What you will do: After locating the line that contains "3207-8 Interchange Way, Vaughan, ON, L4K", restate it and each later line word for word through the end of the records.

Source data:
++++++

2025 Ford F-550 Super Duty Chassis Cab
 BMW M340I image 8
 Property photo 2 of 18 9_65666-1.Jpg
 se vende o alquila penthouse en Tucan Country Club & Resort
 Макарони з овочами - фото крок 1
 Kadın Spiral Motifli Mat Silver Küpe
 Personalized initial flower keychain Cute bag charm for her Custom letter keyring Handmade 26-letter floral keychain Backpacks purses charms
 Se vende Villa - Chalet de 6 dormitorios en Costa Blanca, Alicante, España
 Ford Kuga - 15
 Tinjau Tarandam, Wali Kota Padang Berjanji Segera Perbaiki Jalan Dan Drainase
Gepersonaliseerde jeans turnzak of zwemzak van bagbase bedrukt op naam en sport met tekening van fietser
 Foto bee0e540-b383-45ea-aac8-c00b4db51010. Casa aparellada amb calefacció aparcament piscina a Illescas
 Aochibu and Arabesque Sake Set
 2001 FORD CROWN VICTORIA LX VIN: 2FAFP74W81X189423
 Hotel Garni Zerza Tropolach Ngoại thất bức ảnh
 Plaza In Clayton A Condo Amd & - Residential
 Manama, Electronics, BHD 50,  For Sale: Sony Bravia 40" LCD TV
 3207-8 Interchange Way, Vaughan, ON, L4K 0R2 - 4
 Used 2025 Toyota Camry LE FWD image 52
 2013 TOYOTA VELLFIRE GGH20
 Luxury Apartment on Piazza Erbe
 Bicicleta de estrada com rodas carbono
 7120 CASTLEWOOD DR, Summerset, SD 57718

++++++

Exercise result:
 3207-8 Interchange Way, Vaughan, ON, L4K 0R2 - 4
 Used 2025 Toyota Camry LE FWD image 52
 2013 TOYOTA VELLFIRE GGH20
 Luxury Apartment on Piazza Erbe
 Bicicleta de estrada com rodas carbono
 7120 CASTLEWOOD DR, Summerset, SD 57718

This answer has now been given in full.